Proactive treatment with high-dose intravenous (IV) iron reduces the risk for type 1 or classic myocardial infarction (MI), but not type 2 MI, in patients with chronic kidney disease (CKD) on dialysis, according to a prespecified secondary analysis of the PIVOTAL study.

“Clinical nephrologists know that coronary artery disease is highly prevalent in CKD patients and in those who require haemodialysis,” said lead investigator Professor Patrick Mark from the Institute of Cardiovascular and Medical Sciences, University of Glasgow in Glasgow, UK during his presentation at the ERA-EDTA 2020 Virtual Congress. “But there are surprisingly very limited data about how frequently MI occurs, what type of MIs patients have, and the prognostic significance of these infarctions.”

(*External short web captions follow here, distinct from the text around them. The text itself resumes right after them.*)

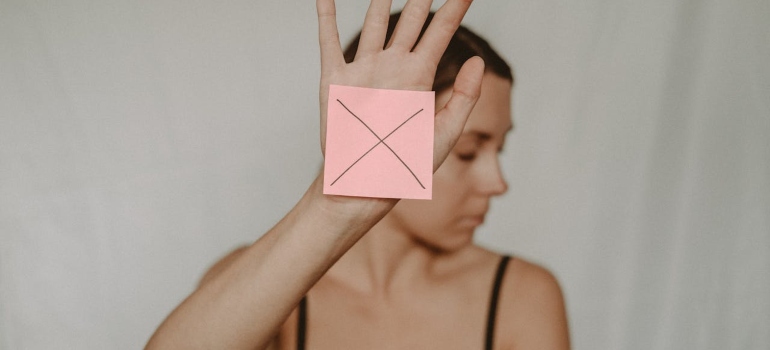 A woman holding an "x" sign symbolizing self-control, Drugs and Personality Types' reaction to self control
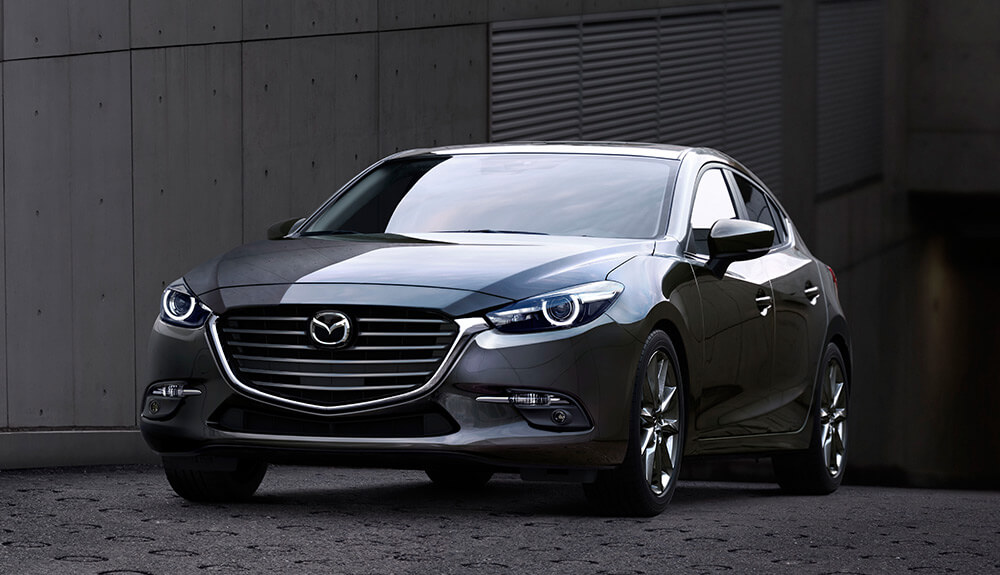 Dark gray Mazda3 GX parked in industrial setting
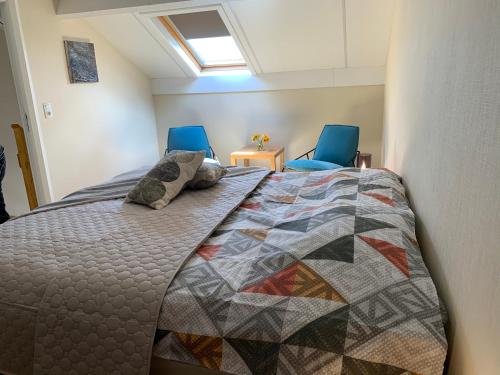 a bedroom with a bed and two blue chairs at Castorama in Rochehaut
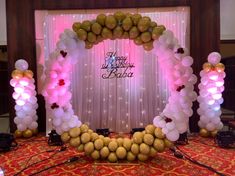 an arch made out of balloons and other decorations on a stage at a birthday party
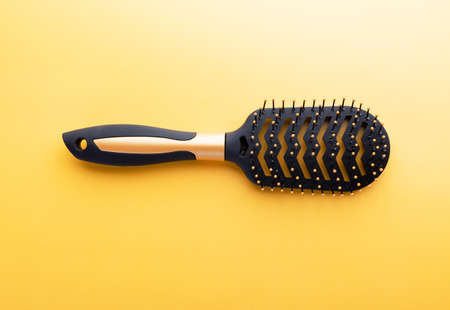 Hairstyle concept with hair brush on yellow background. Fashion, beauty and hygiene. Plastic comb...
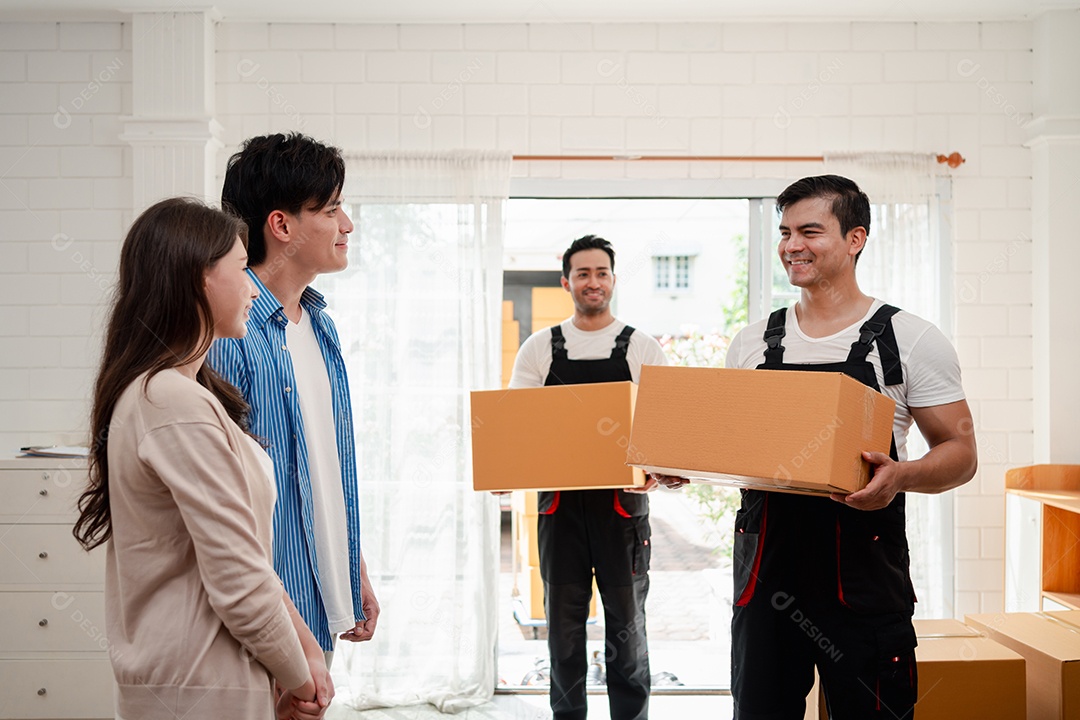 Verificação de casal asiático ao descarregar caixas e móveis de uma caminhonete para uma nova casa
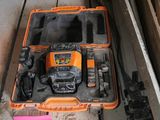a box with tools on top of it in a room
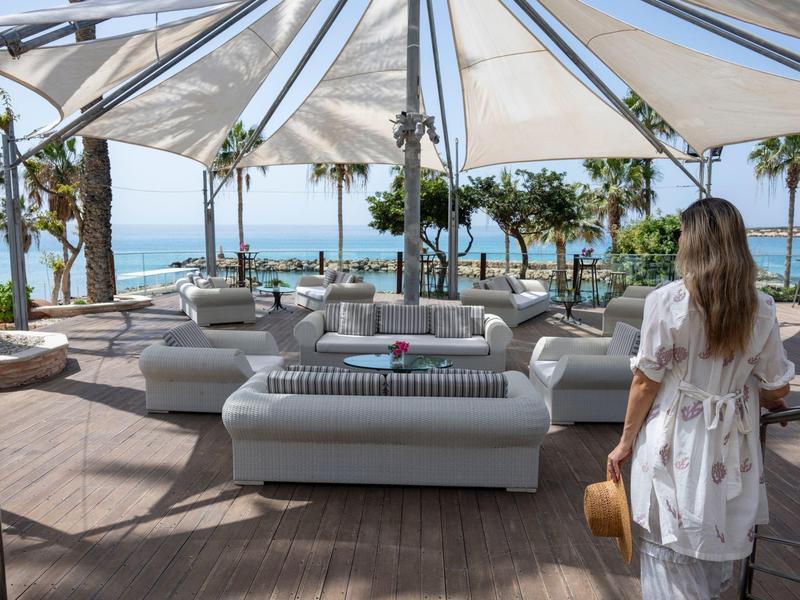 Strandcafé mit weißen Möbeln und Sonnenschirmen, Palmen und Meer im Hintergrund, Frau im Kleid.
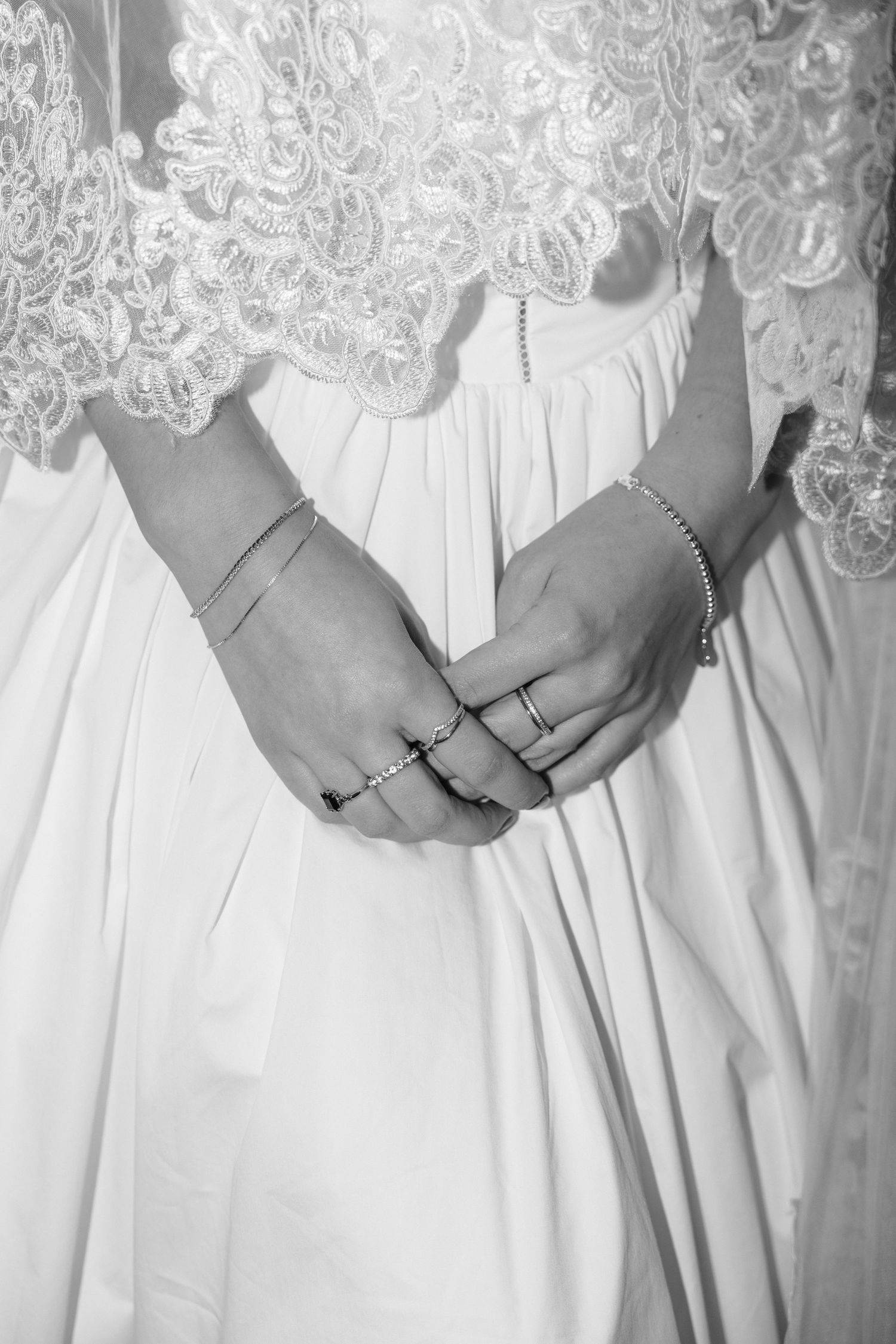 Close-up detail of white lace wedding dress bodice with hands showing multiple rings.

High- vs low-dose iron: Which is the better approach?

Mark and his team investigated the effects of proactive high-dose IV iron vs reactive low-dose IV iron in 2,141 adult CKD patients on haemodialysis, looking specifically at MI. Patients were on erythropoiesis-stimulating agent (ESA) at study enrolment, with a ferritin concentration of <400 μg/L and transferrin saturation of <30 percent. Patients were randomized to receive a maximum of 400 mg iron sucrose monthly (high-dose iron, n=1,093) or 0–400 mg iron sucrose monthly (low-dose iron) to maintain a ferritin level of 200 μg/L and a transferrin saturation of at least 20 percent. [ERA-EDTA 2020, abstract MO016]

If ferritin exceeded 700 μg/L or transferrin saturation exceeded 40 percent in the high-dose group, further iron was to be withheld until the next blood test a month later. The primary endpoint was a composite of MI, stroke, hospitalization for heart failure, and death from any cause. All endpoints and deaths were adjudicated by an independent committee blinded to treatment allocation.

Time to first MI — type 1 or type 2, or ST-segment elevation MI (STEMI) or non-STEMI — and the composite of MI and MI-related deaths were assessed in the secondary analysis.

Winner of the iron ‘battle’

At a median follow-up of 2.1 years, 8.4 percent of patients had experienced an MI. The risk for nonfatal MI was 31 percent lower with the high-dose than the low-dose group (hazard ratio, 0.69; p= 0.01).

“As for the rates of type 1 MI, these were 2.5 times higher than for type 2 MIs,” said Mark. “Non-STEMIs were 6.6 times more common than STEMIs, but patients treated with the high-dose iron had a substantial reduction in fatal and nonfatal MI vs the low-dose group.”

Mortality at 30 days was high at 11.3 percent, and up to 39.8 percent at 1 year.

On why high-dose iron may be protective against type 1 MI, Mark has this to say: “By using more iron, the haemoglobin rose faster, improving oxygen delivery to the myocardium.” It might also be that patients treated with the high-dose iron required lower doses of ESA vs those given the low-dose iron, which may be of added benefit, he added.

He continued that ESAs have been demonstrated to increase the risk for cardiovascular (CV) events in CKD patients, hence, lower doses of it could have lowered the risk for MI in the study.

As statins have shown no benefits for prevention of CV events, Mark said high-dose IV iron may fill that space. “It may be one of the few therapies that might actually reduce MI in patients on maintenance dialysis … high-dose iron is an interesting concept we have to think about.”

However, as the results were for secondary analysis,  it may not be compelling yet to change clinical behaviour, said Dr Lucia Del Vecchio from Alessandro Manzoni Hospital in Lecco, Italy.